The collection is housed in three floors of cabinets in the south lower levels of Upham Hall with many boxes of donated specimens still waiting to be catalogued and filed. With a nod to modern technology, Vincent said they have “a statistically very valuable collection” and are in the process of putting it into a data base to make the plants available to researchers on-line.

“The internet has really changed the way I do my work,” he said. “There is so much more information.”

That is a long-term project with an estimated 650,000 items in the collection.

Items date back to the 1790s and have come from all over the world. Many of them came from other collections and some were purchased. Oberlin College, for example, decided in the 1960s to get rid of their collection and Miami bought it, bringing in several hundred thousand items.

“It took well into the 90s to deal with that,” he said.

His predecessor, Eshbaugh, contributed his pepper collection gathered in a lifetime of collecting, prompting Vincent to note, “That’s a really valuable collection, scientifically.”

His own special area of botanical interest is trifolium—clovers—and he has contributed to the herbarium collection in that area but he gets as excited about his students’ work in the field as his own. He tells of one student who shared his interest in clovers and who discovered a previously-unclassified specimen growing in central Kentucky. As the finder, she was given the privilege of actually naming it.

“It is a pretty neat plant,” he said. “I try to give students research projects like that. It gives them a boost and love for what they are doing.”

With a large collection and many boxes of materials as yet unopened, Vincent said he is able to indulge some of his other interests becoming something of a detective trying to backtrack the history of items when he opens one of those boxes.

“It’s fun to do sleuthing, how it got here,” he said. “I love history. It brings me joy.”

One big find last year came from such a box which had been awaiting inspection. He said he opened it to find several binders of algae specimens collected by Carolyn Bingham, who died in 1932. Her collection had been considered lost for the last 85 years and it turned up in a box of items waiting to be catalogued and filed in Miami’s herbarium.

Women of the Victorian era were a prolific source of plant specimens, Vincent said.

“Books have been written about those Victorian-era women. This was just a lady out traveling, the first to get to these areas because they had the money,” he said.

One such woman was Mary Fisk Spencer, who traveled and sent back 65,000 samples, all sewed onto pieces of paper.

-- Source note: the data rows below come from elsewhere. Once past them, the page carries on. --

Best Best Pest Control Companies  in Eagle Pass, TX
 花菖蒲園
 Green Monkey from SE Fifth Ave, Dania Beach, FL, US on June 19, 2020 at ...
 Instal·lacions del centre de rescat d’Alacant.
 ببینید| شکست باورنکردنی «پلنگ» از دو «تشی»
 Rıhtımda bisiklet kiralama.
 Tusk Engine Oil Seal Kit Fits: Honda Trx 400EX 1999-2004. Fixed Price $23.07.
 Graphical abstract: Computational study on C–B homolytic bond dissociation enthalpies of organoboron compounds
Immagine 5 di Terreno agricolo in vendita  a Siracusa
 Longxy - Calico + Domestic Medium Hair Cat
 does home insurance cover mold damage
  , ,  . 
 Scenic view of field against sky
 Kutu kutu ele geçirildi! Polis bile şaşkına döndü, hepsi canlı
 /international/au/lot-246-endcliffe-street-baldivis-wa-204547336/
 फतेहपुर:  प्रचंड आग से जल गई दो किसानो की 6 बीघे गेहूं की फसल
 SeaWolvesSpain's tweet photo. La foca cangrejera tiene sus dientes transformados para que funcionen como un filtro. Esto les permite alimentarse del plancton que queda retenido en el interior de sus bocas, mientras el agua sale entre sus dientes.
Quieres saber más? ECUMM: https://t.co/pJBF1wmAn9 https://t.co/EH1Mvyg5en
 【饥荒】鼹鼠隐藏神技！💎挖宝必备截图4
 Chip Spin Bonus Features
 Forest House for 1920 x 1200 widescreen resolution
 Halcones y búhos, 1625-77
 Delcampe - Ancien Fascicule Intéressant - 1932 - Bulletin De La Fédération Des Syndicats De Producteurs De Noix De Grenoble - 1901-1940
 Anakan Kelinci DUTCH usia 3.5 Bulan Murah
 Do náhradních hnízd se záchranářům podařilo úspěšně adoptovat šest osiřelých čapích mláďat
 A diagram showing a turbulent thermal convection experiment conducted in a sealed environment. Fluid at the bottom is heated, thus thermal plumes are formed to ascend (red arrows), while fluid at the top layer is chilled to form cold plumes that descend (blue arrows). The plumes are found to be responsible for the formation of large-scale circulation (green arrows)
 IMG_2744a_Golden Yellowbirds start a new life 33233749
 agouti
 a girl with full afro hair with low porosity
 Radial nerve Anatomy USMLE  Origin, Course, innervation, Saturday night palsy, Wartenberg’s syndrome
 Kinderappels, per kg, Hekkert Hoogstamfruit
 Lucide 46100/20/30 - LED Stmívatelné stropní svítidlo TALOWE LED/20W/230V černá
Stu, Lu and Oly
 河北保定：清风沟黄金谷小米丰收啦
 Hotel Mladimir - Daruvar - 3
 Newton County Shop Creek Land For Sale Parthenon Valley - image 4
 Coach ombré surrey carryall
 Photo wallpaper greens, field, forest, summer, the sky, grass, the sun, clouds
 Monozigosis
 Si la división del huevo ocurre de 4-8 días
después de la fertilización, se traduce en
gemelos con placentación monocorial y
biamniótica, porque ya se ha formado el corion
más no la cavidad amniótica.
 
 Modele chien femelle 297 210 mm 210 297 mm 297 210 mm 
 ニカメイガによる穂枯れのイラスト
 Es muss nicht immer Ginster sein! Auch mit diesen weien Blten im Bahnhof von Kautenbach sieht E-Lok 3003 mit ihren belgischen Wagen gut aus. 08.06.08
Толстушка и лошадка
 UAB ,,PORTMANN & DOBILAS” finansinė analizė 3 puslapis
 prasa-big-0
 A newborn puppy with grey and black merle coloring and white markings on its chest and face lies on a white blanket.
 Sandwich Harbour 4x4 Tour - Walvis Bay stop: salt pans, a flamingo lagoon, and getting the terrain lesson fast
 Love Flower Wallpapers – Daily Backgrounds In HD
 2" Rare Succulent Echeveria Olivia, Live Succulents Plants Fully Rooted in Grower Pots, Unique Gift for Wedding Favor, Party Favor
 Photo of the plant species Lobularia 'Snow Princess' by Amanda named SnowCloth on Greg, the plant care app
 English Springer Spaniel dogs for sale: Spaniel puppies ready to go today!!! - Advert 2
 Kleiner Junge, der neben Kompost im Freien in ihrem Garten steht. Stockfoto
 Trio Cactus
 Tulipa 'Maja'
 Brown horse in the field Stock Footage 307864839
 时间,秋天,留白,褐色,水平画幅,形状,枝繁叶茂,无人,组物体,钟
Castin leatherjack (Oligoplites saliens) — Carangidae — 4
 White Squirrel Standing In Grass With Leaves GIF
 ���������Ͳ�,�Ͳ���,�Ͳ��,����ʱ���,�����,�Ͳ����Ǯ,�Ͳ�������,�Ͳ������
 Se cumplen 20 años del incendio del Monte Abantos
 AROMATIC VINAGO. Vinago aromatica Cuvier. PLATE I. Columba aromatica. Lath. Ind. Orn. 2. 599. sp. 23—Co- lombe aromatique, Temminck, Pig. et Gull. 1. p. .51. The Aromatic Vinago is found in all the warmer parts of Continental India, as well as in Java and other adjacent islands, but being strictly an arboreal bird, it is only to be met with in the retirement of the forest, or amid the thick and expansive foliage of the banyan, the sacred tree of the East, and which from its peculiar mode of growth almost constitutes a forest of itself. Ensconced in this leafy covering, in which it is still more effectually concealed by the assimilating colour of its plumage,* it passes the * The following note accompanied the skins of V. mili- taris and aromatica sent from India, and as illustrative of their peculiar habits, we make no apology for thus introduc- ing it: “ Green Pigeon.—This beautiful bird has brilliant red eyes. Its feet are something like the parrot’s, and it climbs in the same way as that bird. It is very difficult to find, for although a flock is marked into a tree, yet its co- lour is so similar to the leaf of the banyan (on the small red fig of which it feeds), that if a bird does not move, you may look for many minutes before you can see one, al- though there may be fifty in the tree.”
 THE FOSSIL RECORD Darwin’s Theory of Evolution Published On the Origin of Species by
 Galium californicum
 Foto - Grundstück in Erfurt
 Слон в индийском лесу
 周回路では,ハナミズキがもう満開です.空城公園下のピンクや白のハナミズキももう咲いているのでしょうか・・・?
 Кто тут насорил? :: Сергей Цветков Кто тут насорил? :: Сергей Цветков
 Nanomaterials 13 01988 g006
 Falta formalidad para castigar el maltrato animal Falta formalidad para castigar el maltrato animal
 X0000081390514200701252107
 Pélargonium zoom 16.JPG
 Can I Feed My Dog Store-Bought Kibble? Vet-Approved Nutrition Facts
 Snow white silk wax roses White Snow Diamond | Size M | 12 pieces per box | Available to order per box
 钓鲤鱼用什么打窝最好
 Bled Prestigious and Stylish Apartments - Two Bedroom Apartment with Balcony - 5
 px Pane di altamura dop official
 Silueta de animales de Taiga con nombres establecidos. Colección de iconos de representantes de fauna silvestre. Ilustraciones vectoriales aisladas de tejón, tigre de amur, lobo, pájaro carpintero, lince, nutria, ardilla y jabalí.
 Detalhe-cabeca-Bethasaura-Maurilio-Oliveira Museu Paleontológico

Samples in those three floors of cabinets in Upham Hall are in color-coded files, based on evolutionary schemes of plants in the areas of the world where they are found. One room off of those cabinets has a drying press used to dry out samples prior to mounting. In some cases, researchers in other parts of the world inquire about certain items and the herbarium curator explains they can collect items and dry them to send them out. Others already in the collection can be loaned out on request.

The growth of their internet database is having a dual effect on the collection, need for information, but more for the actual samples.

“Requests coming in are fewer with the information available on the internet,” Vincent said. “The number of requests (for actual samples) have gone up because of the internet.”

Vincent grew up in Versailles, Ohio and earned his Ph.D. at Miami and “never left.” His wife of 37 years, the former Mary White, is the daughter of retired Talawanda district administrator Dr. Ernest White.

There is only one display case, in the hallway, but with well over a half-million plant specimens it is a collection threatening to overrun the available space. Vincent keeps the herbarium true to its original vision.

“It’s more research than museum. There’s not much room for displays. The way the herbarium developed is a research facility to use as a teaching tool and research,” he said. “We are constantly getting more things in. It’s not just a plant. There is so much exploration going on in the world and we have bits and pieces of it here.”